- _EXERCISE REQUIREMENTS_:
Given the material below, return only the lines starting at the line with "Recambio de motor" and ending at the line with "ムーヴキャンバスセオリーG衝突被害軽減ブレーキ 横滑り防止装置 オートハイビーム", exactly as they appear.

- _THE RECORDS_:
* * * * *
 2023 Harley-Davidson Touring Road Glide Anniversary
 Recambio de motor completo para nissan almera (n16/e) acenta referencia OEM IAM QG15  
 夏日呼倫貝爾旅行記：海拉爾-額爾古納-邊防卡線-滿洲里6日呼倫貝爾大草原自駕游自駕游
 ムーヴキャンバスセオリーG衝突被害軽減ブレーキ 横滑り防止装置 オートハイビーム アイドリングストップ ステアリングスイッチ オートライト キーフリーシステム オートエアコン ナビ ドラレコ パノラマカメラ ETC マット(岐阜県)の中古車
* * * * *
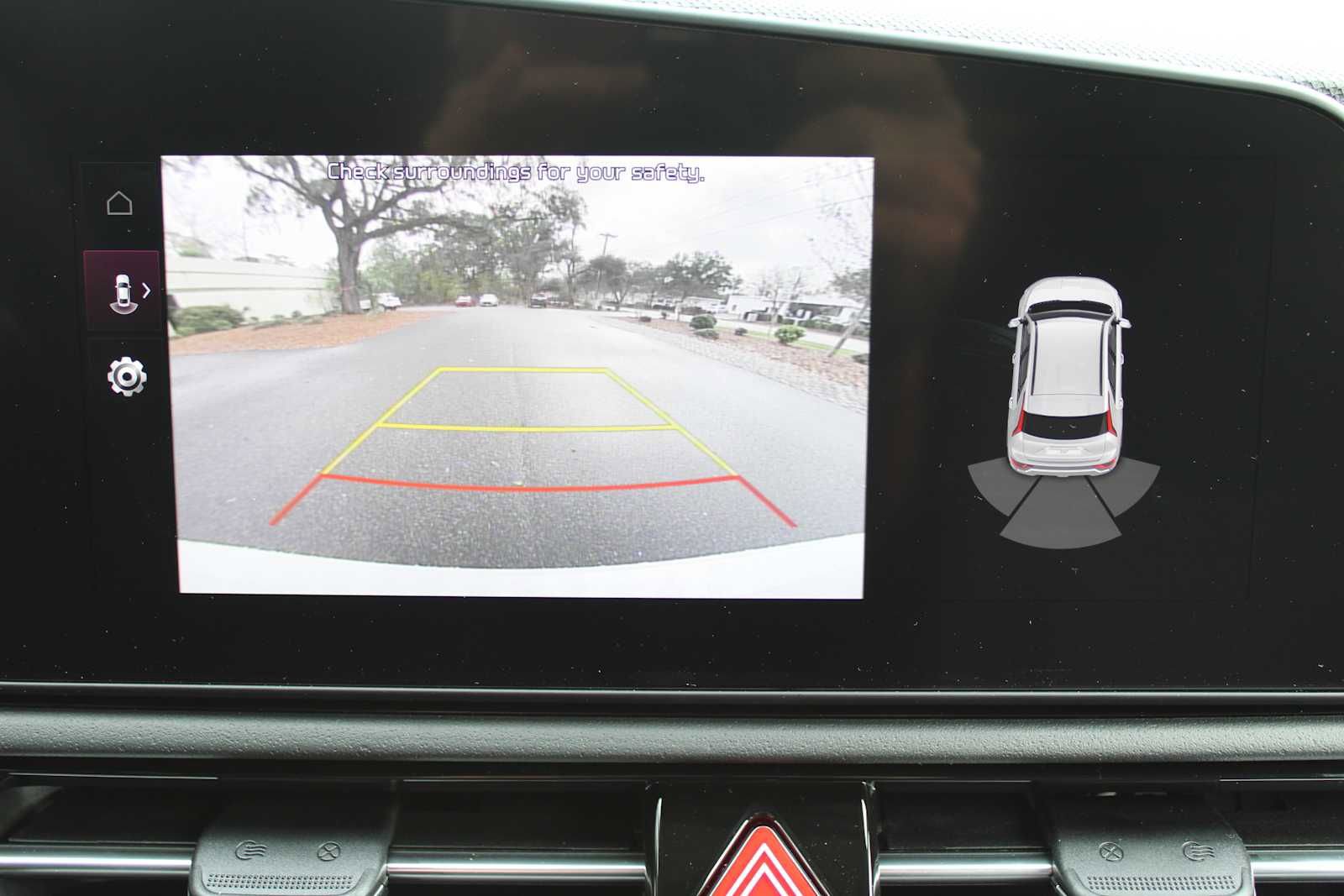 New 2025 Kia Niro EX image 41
* * * * *
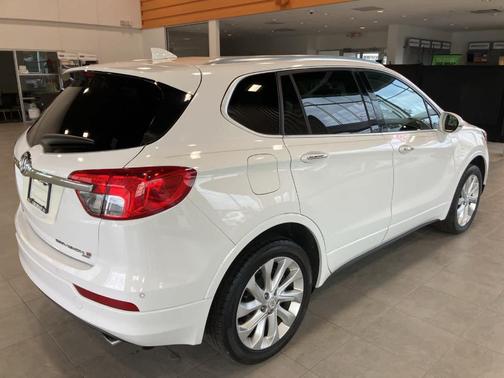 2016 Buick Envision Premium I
* * * * *
- _SOLUTION FOR THIS TASK_:
 Recambio de motor completo para nissan almera (n16/e) acenta referencia OEM IAM QG15  
 夏日呼倫貝爾旅行記：海拉爾-額爾古納-邊防卡線-滿洲里6日呼倫貝爾大草原自駕游自駕游
 ムーヴキャンバスセオリーG衝突被害軽減ブレーキ 横滑り防止装置 オートハイビーム アイドリングストップ ステアリングスイッチ オートライト キーフリーシステム オートエアコン ナビ ドラレコ パノラマカメラ ETC マット(岐阜県)の中古車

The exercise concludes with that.